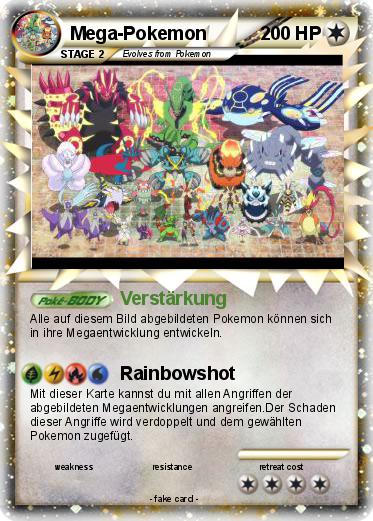 Pokemon Mega-Pokemon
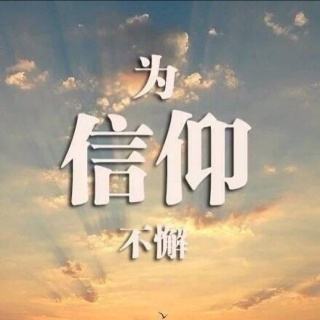 为信仰不懈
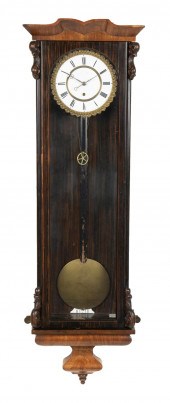 A VIENNA REGULATOR WALL CLOCKA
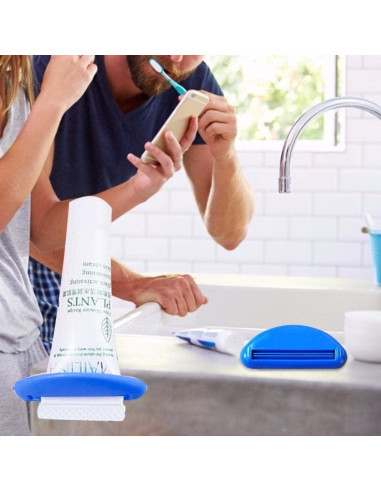 Exprimidor de Tubo de Pasta de Dientes Pxiryanlow Blanco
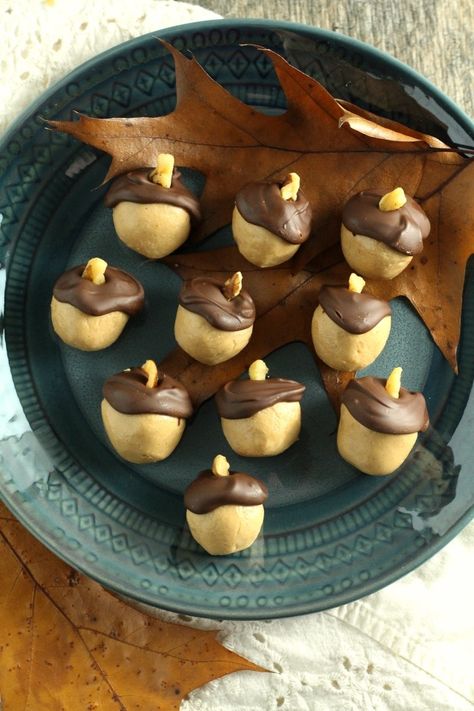 Peanut Butter Ball, Buckeye Candy, Buckeyes Recipe, Smooth Peanut Butter, Food Fails, Chocolate Spoons, Butter Balls, Kid Desserts, Peanut Butter Balls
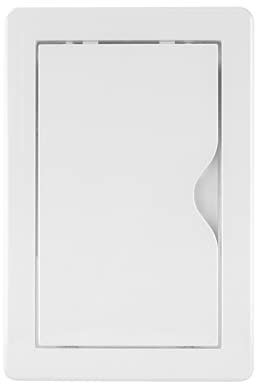 VONLIS Revisionsklappe 100 x 150 mm Revisionstür 10 x 15 cm Kunststoff Trockenbau Gipskarton Wartungklappe Weiß Feuchtraumgeeignet Unterputzklappe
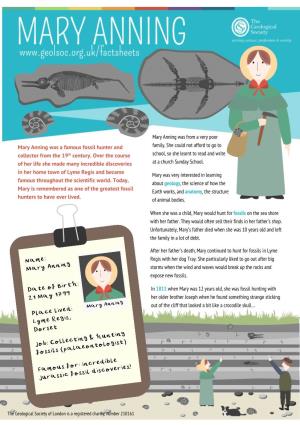 Mary Anning Was a Famous Fossil Hunter and Collector from the 19Th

※

Pictures aside, write out all of the records exactly.

 Pokemon Mega-Pokemon
 为信仰不懈
 A VIENNA REGULATOR WALL CLOCKA
 Exprimidor de Tubo de Pasta de Dientes Pxiryanlow Blanco
 Peanut Butter Ball, Buckeye Candy, Buckeyes Recipe, Smooth Peanut Butter, Food Fails, Chocolate Spoons, Butter Balls, Kid Desserts, Peanut Butter Balls
 VONLIS Revisionsklappe 100 x 150 mm Revisionstür 10 x 15 cm Kunststoff Trockenbau Gipskarton Wartungklappe Weiß Feuchtraumgeeignet Unterputzklappe
 Mary Anning Was a Famous Fossil Hunter and Collector from the 19Th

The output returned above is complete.